Fireworks Guide: Cakes & Barrages

This type of firework will usually form the bulk of any larger display.

Key information

  • Secured on the ground and fires multiple shots into the air.
  • Huge variation in running times, costs and effects depending on the specific cake.
  • Available in low noise effects for out of season or quiet displays.
  • Safety distances typically 8m up to 25m.
  • Cakes and barrages are also known as repeaters, candle combinations, repeaters of shot tubes, link cakes, compound cakes, displays in a box, fan cakes and dump cakes depending on the specific variety (see below).

The anatomy of a typical cake


Regardless of their size and number of shots, most cakes and barrages – I’ll refer to them just as cakes for now – look similar to the diagram above:

Primary and reserve fuse: Many cakes have two fuses: a main fuse which you light and a reserve fuse which you only use if the main one fails. This is covered in more detail in the Firing Your Display section. They are shown here with their protective covers still on.
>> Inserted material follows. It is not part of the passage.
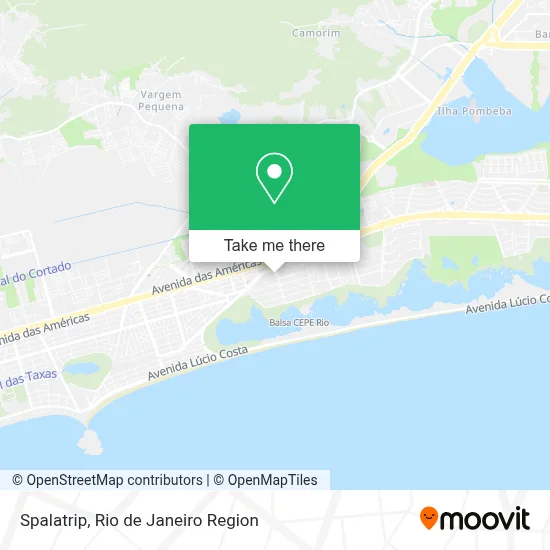 Spalatrip map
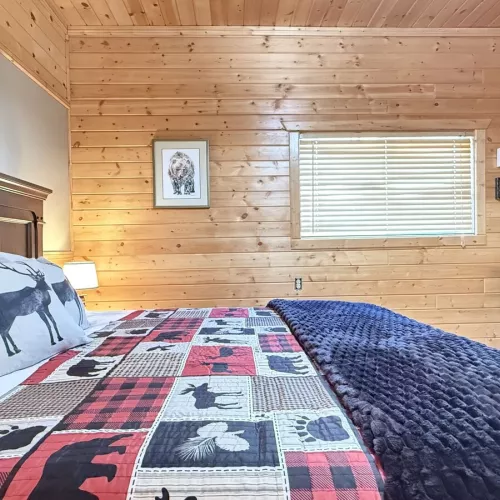 Enjoy the natural light from the window.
Shot tubes: Each shot in a cake sits in its own tube. A 25 shot cake would therefore have 25 tubes, a 50 shot cake would have 50 tubes and so on. Each tube in a consumer firework that shoots a projectile into the air can be up to 30mm in bore size. The tubes have clay bungs in their base (which accounts for most of the firework’s weight) and an internal fuse that runs from tube to tube.

Cellophane wrap: This is just decorative. On some cakes you can see the shot tubes through the wrap. On others it might be paper with artwork on it. Either way, you do not need to remove this before firing – unless explicitly directed to on the instruction label – as it blows off with the first few shots.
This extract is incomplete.